Exercise objective -
Repeat the listing below line by line, exactly, leaving its pictures behind.

Input data -
________________________

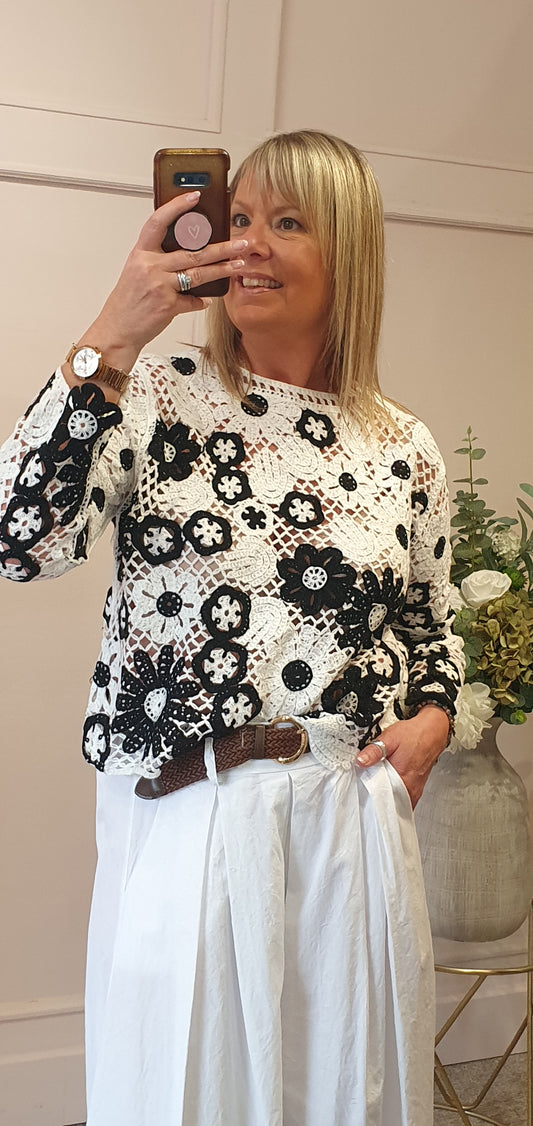 Crochet Flower Jumper - White/Black - Wardrobe By Simone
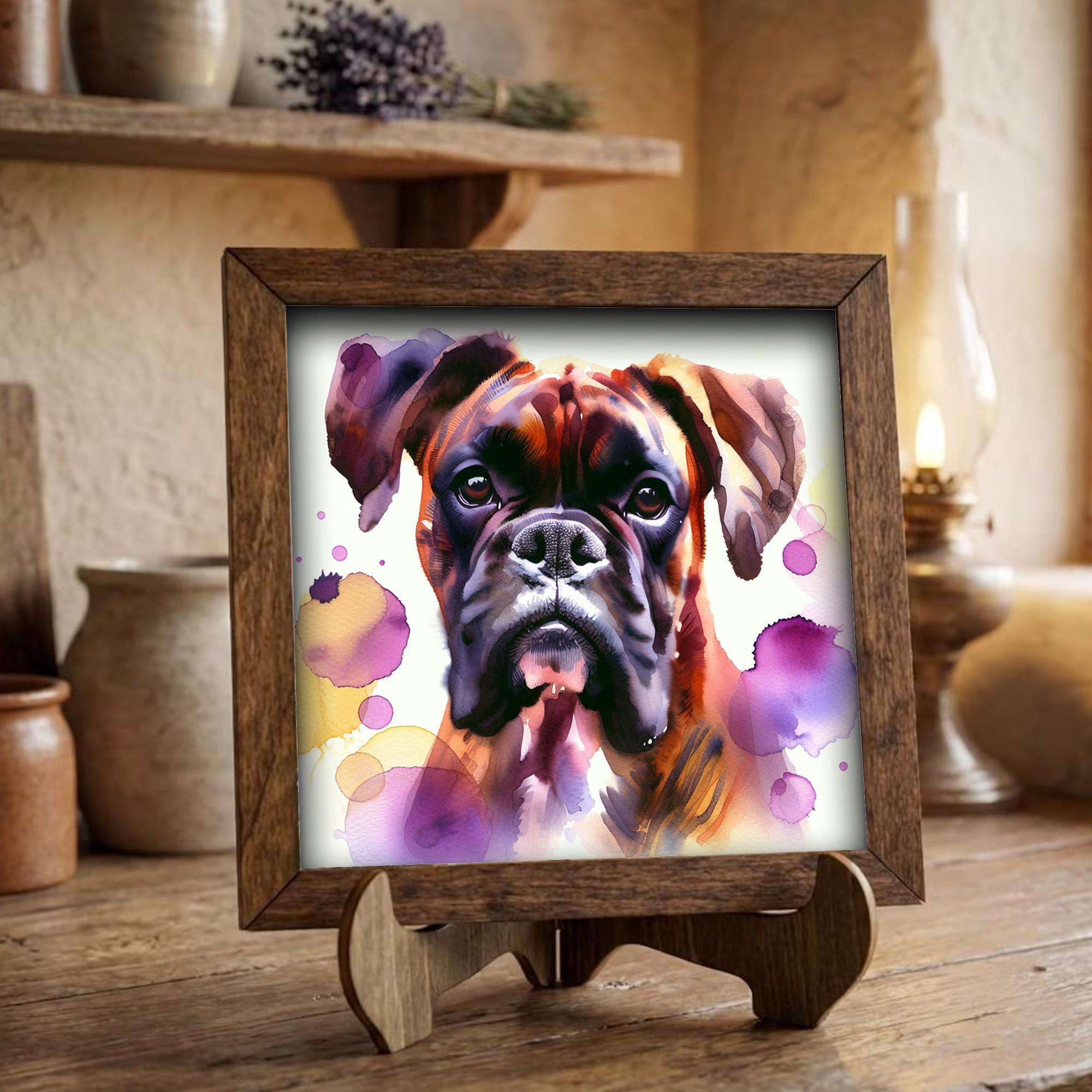 Framed Boxer Dog Art Print | Watercolor Pet Portrait Decor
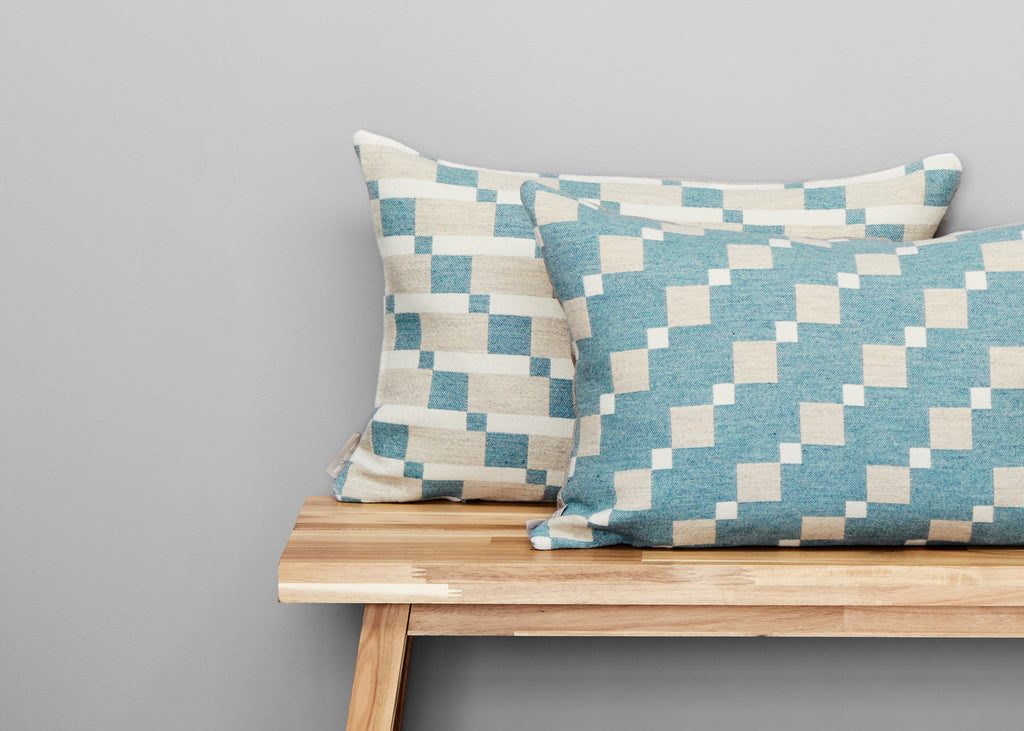 Merino wool cushions woven in England in a beautiful soft shade of Teal.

________________________

Answer to this problem -
 Crochet Flower Jumper - White/Black - Wardrobe By Simone
 Framed Boxer Dog Art Print | Watercolor Pet Portrait Decor
 Merino wool cushions woven in England in a beautiful soft shade of Teal.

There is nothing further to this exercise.